** Opening MATERIAL SUPPLIED block **

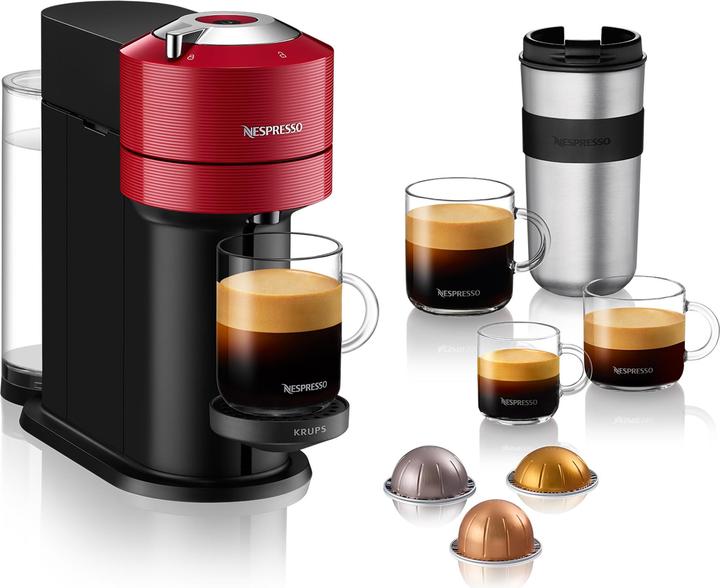 Produktbild Krups Nespresso Vertuo Next (NESPRESSO Vertuo)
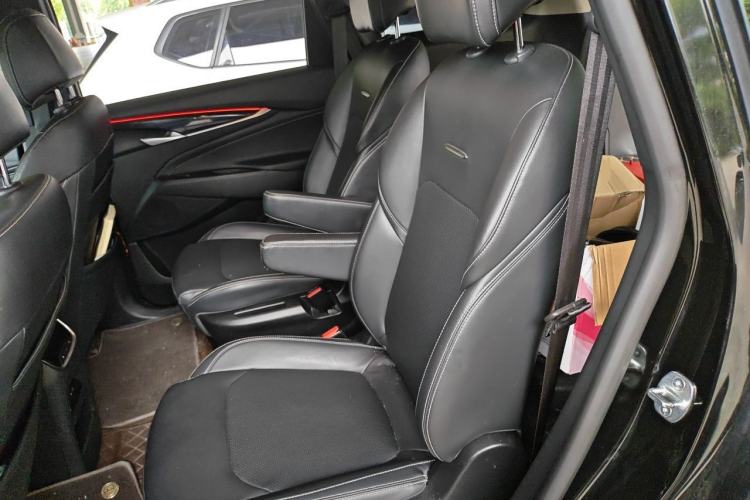 Used SAIC MAXUS G50 2022 1.5T Automatic Comfort Touring B Left Rear Seat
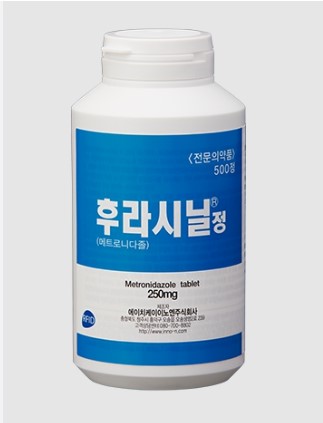 후라시닐정 부작용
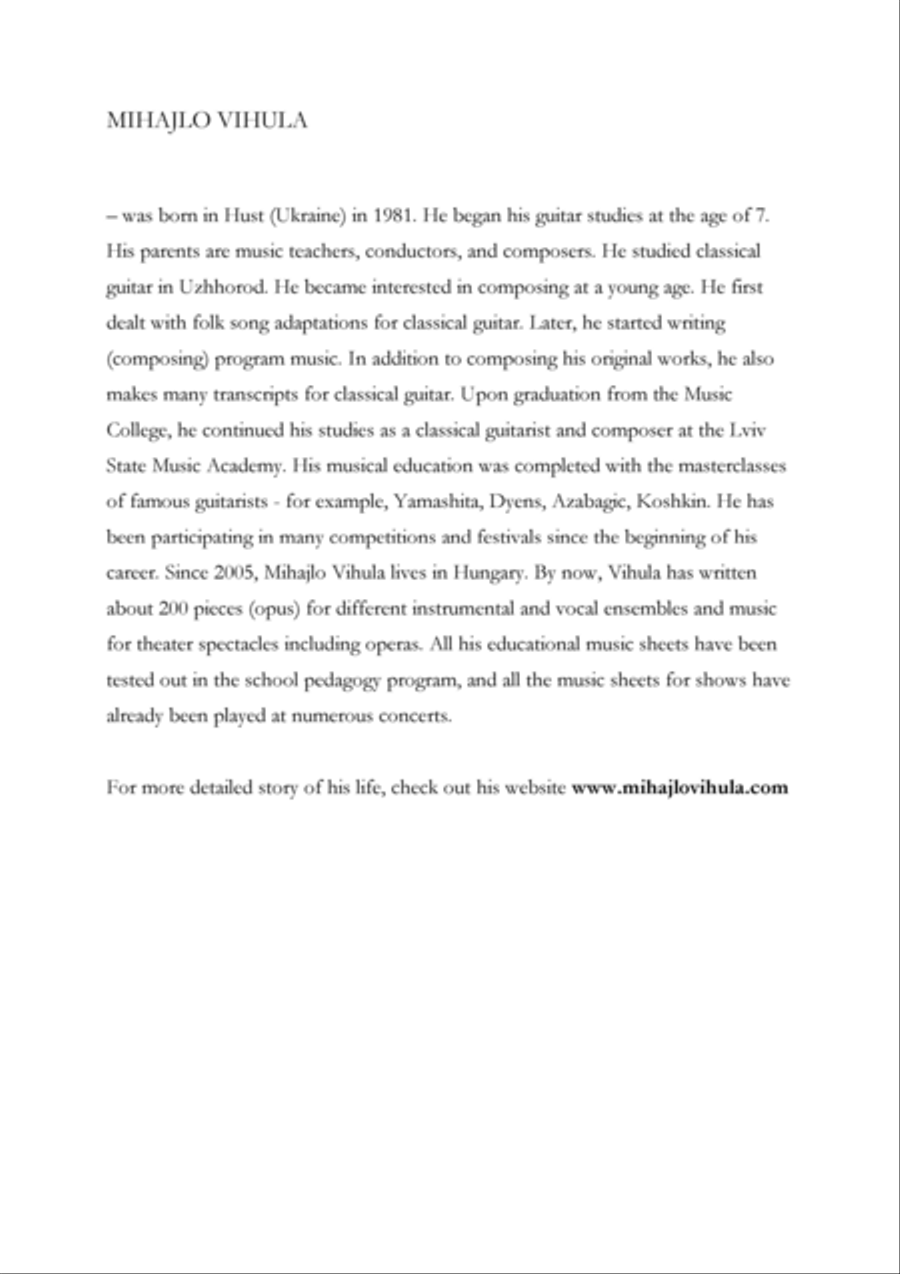 STRING QUARTET String Quartet scores gallery preview page 3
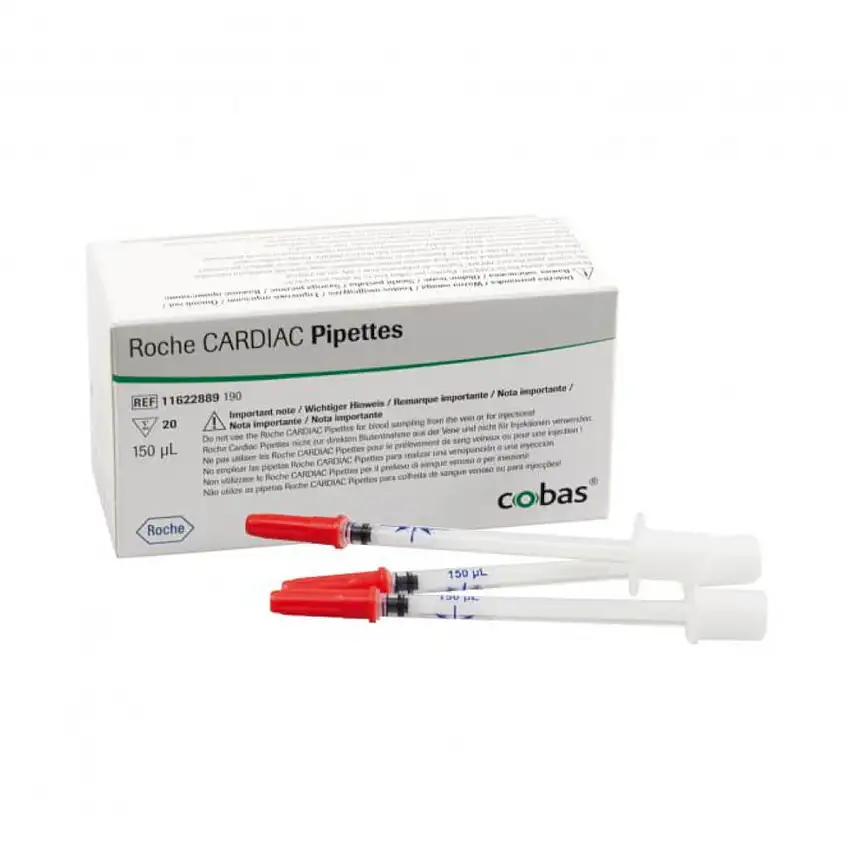 Roche Pipettes CARDIAC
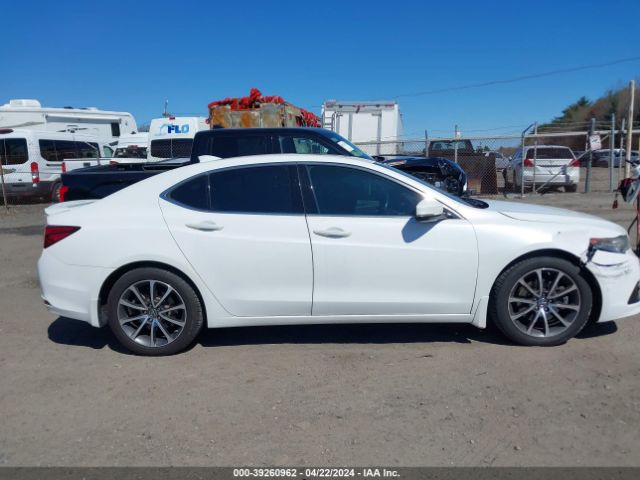 19UUB3F71GA003495 Acura Tlx V6 Advance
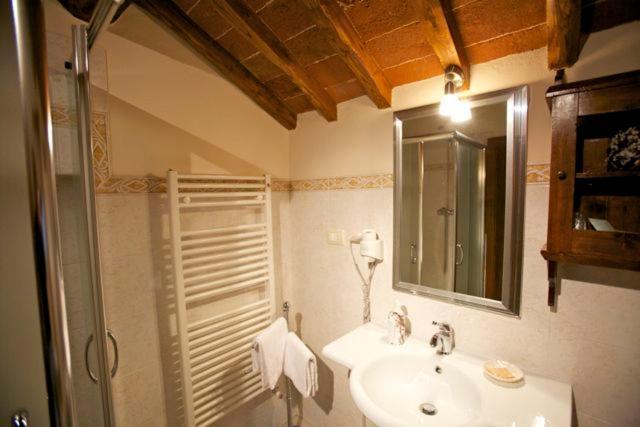 Bed and Breakfast Dolce Maria à Cortone Extérieur photo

** Closing MATERIAL SUPPLIED block **

== GOAL OF THE EXERCISE ==
Please transcribe every entry exactly as written, leaving the pictures out.

== YOUR RESPONSE ==
 Produktbild Krups Nespresso Vertuo Next (NESPRESSO Vertuo)
 Used SAIC MAXUS G50 2022 1.5T Automatic Comfort Touring B Left Rear Seat
 후라시닐정 부작용
 STRING QUARTET String Quartet scores gallery preview page 3
 Roche Pipettes CARDIAC
 19UUB3F71GA003495 Acura Tlx V6 Advance
 Bed and Breakfast Dolce Maria à Cortone Extérieur photo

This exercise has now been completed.